WORK TO BE COMPLETED: Although the listing contains pictures, reproduce only its text, exactly as written.

DATASET EXCERPTS:

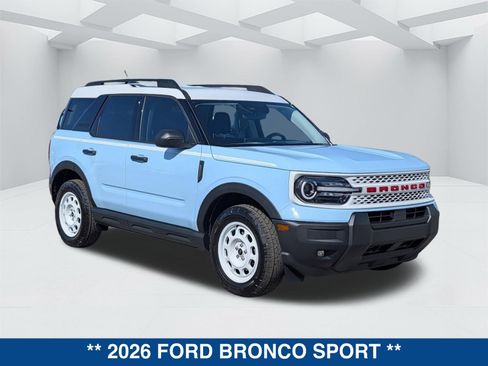 New 2026 Ford Bronco Sport Heritage w/ Convenience Package image 2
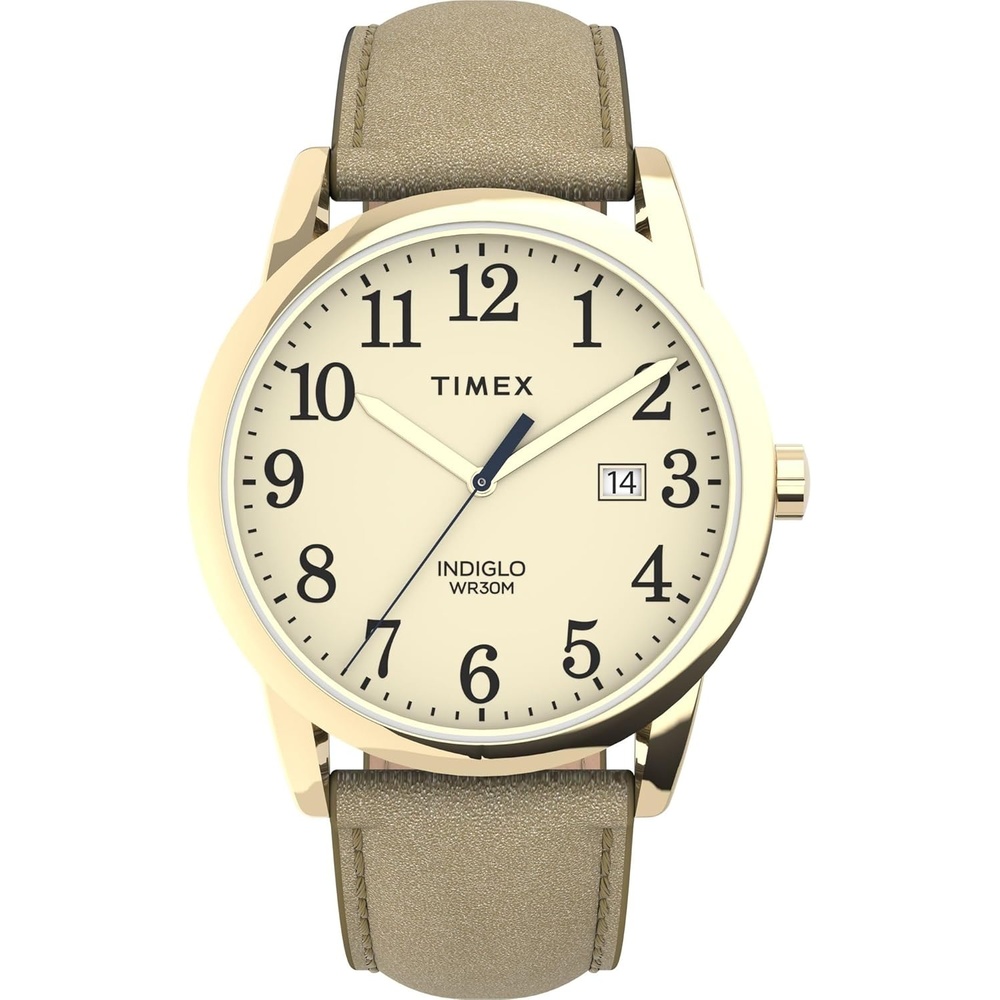 image:imageTimex Womens Easy Reader WatchGoldToneGoldToneCream38mm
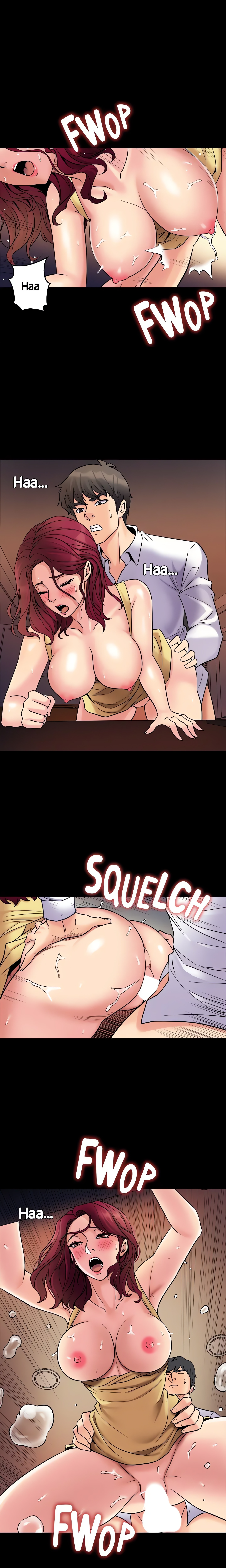 Living with My Ex-wife (Official) chapter 3 page 9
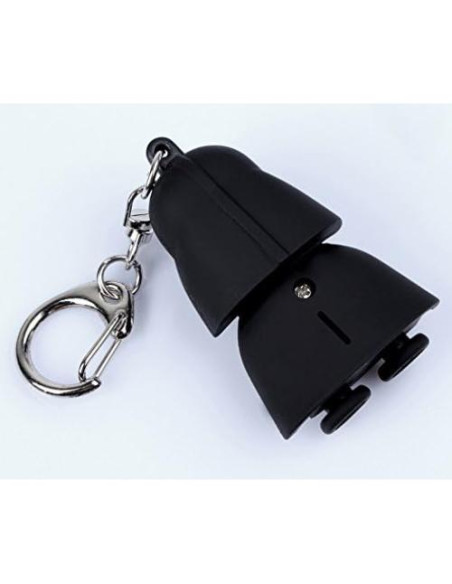 Llave Darth Vader Star Wars con Linterna LED y Sonido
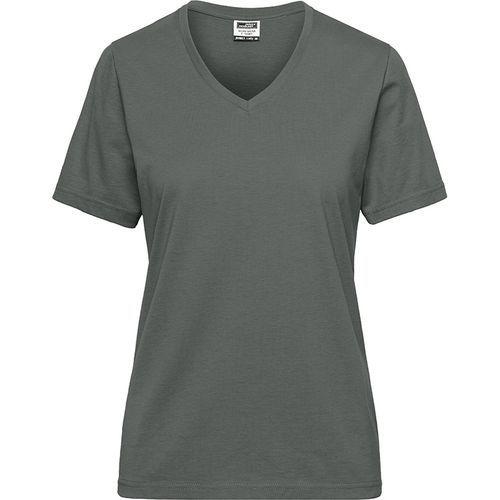 Achat Tee-shirt workwear Bio Femme - gris foncé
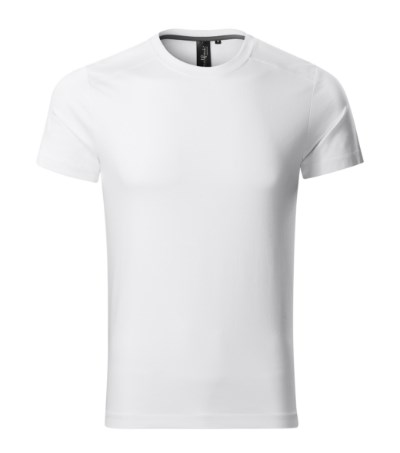 T-shirt heren Action Wit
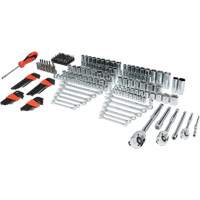 Jeu d'outils manuels pour m&eacute;canicien 1/4", 3/8" & 1/2" avec mallette de transport &agrave; 3 tiroirs Distribution Industrielle GC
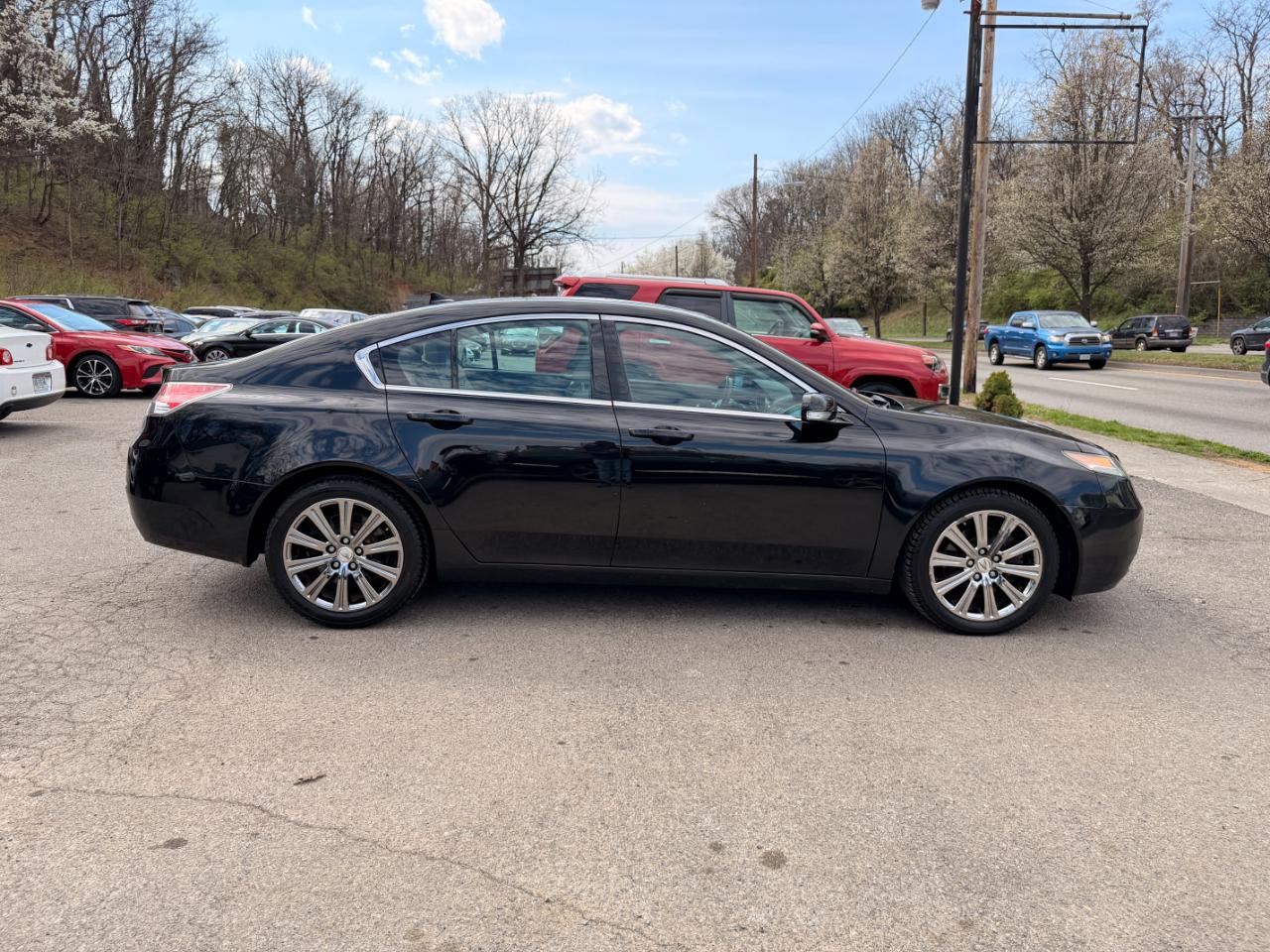 Used 2014 Acura TL w/ Advance Package FWD image 4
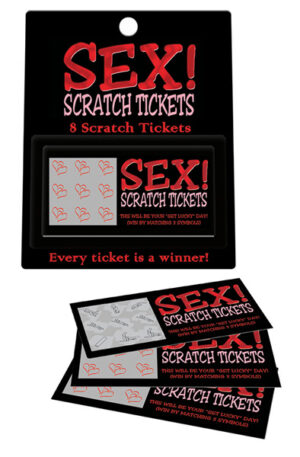 Kheper Games SEX! Scratch Tickets - Įbrėžimų bilietai 1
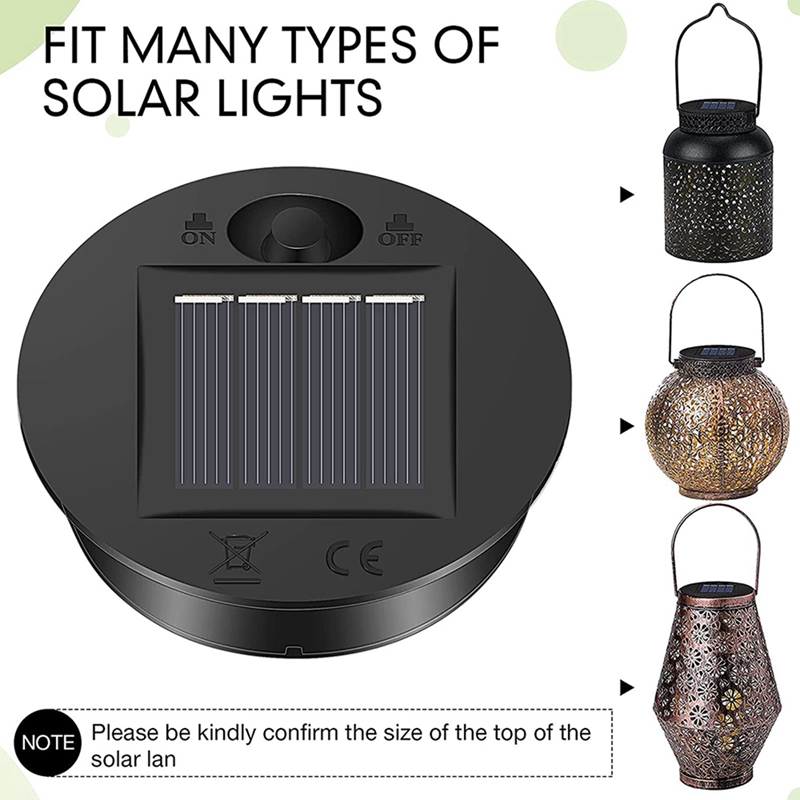 야외 걸이용 LED 태양 전지 패널 랜턴 뚜껑 조명,  - Photocell Outdoor Lighting 리뷰 및 가격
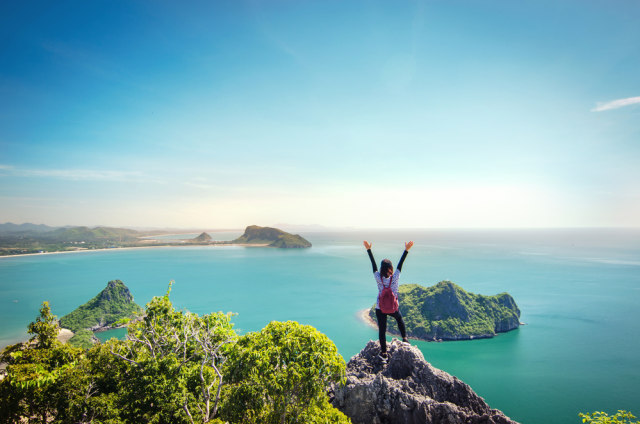 Bukit Khao Lom Muak, Thailand. Foto: Shutter Stock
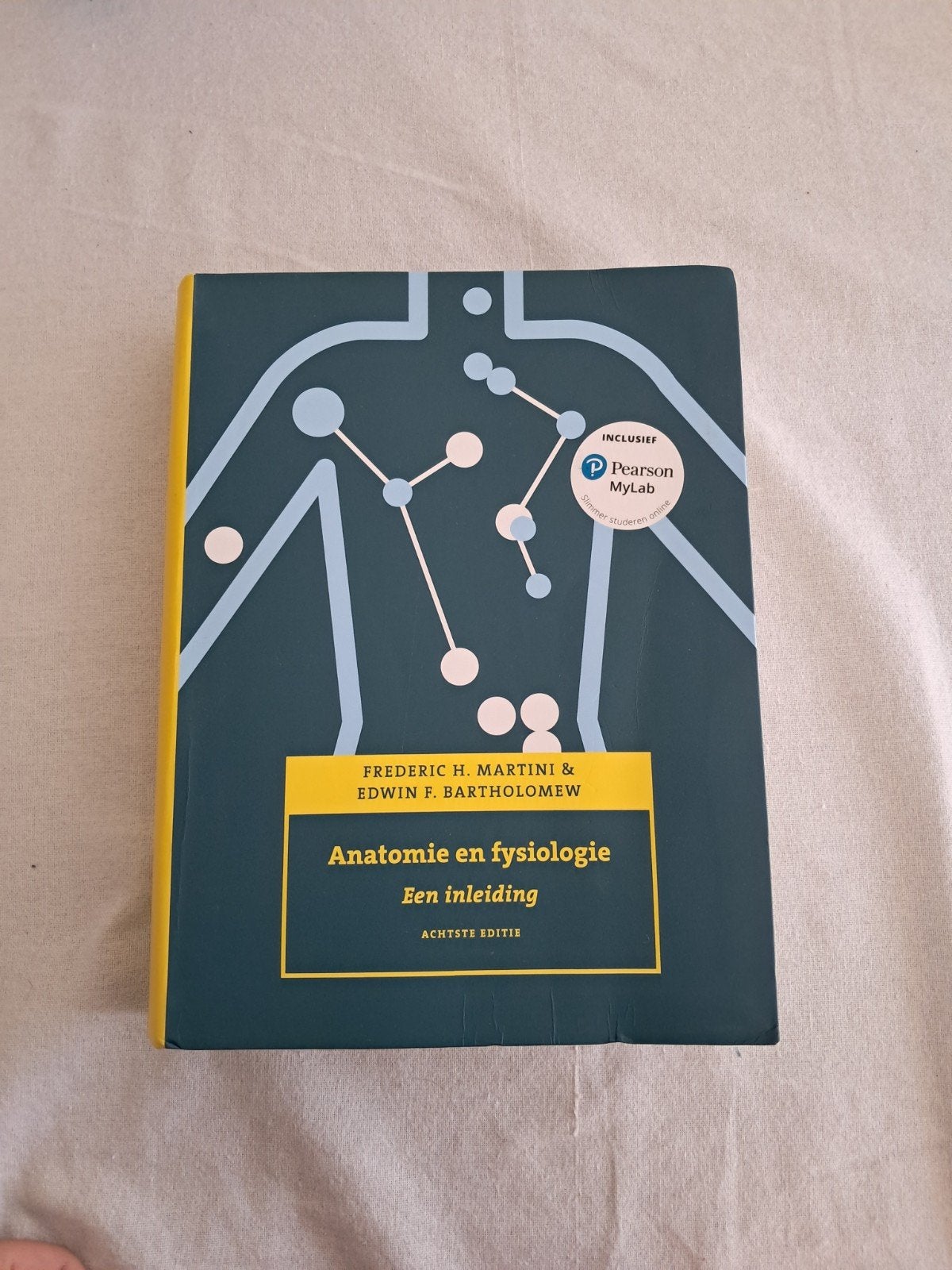 Anatomie en fysiologie, 8e editie met MyLab NL, Enlèvement, Néerlandais, Frederic H. Martini; Edwin F. Bartholomew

RESULT:
 New 2026 Ford Bronco Sport Heritage w/ Convenience Package image 2
 image:imageTimex Womens Easy Reader WatchGoldToneGoldToneCream38mm
 Living with My Ex-wife (Official) chapter 3 page 9
 Llave Darth Vader Star Wars con Linterna LED y Sonido
 Achat Tee-shirt workwear Bio Femme - gris foncé
 T-shirt heren Action Wit
 Jeu d'outils manuels pour m&eacute;canicien 1/4", 3/8" & 1/2" avec mallette de transport &agrave; 3 tiroirs Distribution Industrielle GC
 Used 2014 Acura TL w/ Advance Package FWD image 4
 Kheper Games SEX! Scratch Tickets - Įbrėžimų bilietai 1
 야외 걸이용 LED 태양 전지 패널 랜턴 뚜껑 조명,  - Photocell Outdoor Lighting 리뷰 및 가격
 Bukit Khao Lom Muak, Thailand. Foto: Shutter Stock
 Anatomie en fysiologie, 8e editie met MyLab NL, Enlèvement, Néerlandais, Frederic H. Martini; Edwin F. Bartholomew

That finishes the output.